(WHAT TO WORK ON):
In full and without changes, output the data.

[Records contained in a dataset]
##########
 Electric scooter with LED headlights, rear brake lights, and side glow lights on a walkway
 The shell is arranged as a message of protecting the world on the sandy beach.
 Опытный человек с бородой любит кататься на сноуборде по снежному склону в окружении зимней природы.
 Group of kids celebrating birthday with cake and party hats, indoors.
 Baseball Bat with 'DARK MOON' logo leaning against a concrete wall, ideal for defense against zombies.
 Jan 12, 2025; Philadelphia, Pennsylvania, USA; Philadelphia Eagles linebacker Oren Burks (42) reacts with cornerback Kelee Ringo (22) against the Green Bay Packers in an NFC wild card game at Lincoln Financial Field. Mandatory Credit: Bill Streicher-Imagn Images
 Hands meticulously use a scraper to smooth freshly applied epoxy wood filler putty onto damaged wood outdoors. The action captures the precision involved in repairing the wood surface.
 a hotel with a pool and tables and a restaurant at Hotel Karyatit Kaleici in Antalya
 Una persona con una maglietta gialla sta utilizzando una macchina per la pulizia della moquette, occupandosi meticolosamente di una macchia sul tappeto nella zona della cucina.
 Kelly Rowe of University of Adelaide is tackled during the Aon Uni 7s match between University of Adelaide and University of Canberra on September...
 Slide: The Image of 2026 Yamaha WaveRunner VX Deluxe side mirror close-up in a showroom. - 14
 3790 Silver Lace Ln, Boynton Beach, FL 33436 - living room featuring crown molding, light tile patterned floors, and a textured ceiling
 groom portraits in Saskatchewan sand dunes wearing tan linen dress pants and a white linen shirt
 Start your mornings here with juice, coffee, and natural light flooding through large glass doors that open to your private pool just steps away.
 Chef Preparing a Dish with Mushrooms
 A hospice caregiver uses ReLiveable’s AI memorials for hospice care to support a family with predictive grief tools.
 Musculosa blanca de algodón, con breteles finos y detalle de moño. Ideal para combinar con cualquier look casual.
##########
(REPLY TO THE EXERCISE):
 Electric scooter with LED headlights, rear brake lights, and side glow lights on a walkway
 The shell is arranged as a message of protecting the world on the sandy beach.
 Опытный человек с бородой любит кататься на сноуборде по снежному склону в окружении зимней природы.
 Group of kids celebrating birthday with cake and party hats, indoors.
 Baseball Bat with 'DARK MOON' logo leaning against a concrete wall, ideal for defense against zombies.
 Jan 12, 2025; Philadelphia, Pennsylvania, USA; Philadelphia Eagles linebacker Oren Burks (42) reacts with cornerback Kelee Ringo (22) against the Green Bay Packers in an NFC wild card game at Lincoln Financial Field. Mandatory Credit: Bill Streicher-Imagn Images
 Hands meticulously use a scraper to smooth freshly applied epoxy wood filler putty onto damaged wood outdoors. The action captures the precision involved in repairing the wood surface.
 a hotel with a pool and tables and a restaurant at Hotel Karyatit Kaleici in Antalya
 Una persona con una maglietta gialla sta utilizzando una macchina per la pulizia della moquette, occupandosi meticolosamente di una macchia sul tappeto nella zona della cucina.
 Kelly Rowe of University of Adelaide is tackled during the Aon Uni 7s match between University of Adelaide and University of Canberra on September...
 Slide: The Image of 2026 Yamaha WaveRunner VX Deluxe side mirror close-up in a showroom. - 14
 3790 Silver Lace Ln, Boynton Beach, FL 33436 - living room featuring crown molding, light tile patterned floors, and a textured ceiling
 groom portraits in Saskatchewan sand dunes wearing tan linen dress pants and a white linen shirt
 Start your mornings here with juice, coffee, and natural light flooding through large glass doors that open to your private pool just steps away.
 Chef Preparing a Dish with Mushrooms
 A hospice caregiver uses ReLiveable’s AI memorials for hospice care to support a family with predictive grief tools.
 Musculosa blanca de algodón, con breteles finos y detalle de moño. Ideal para combinar con cualquier look casual.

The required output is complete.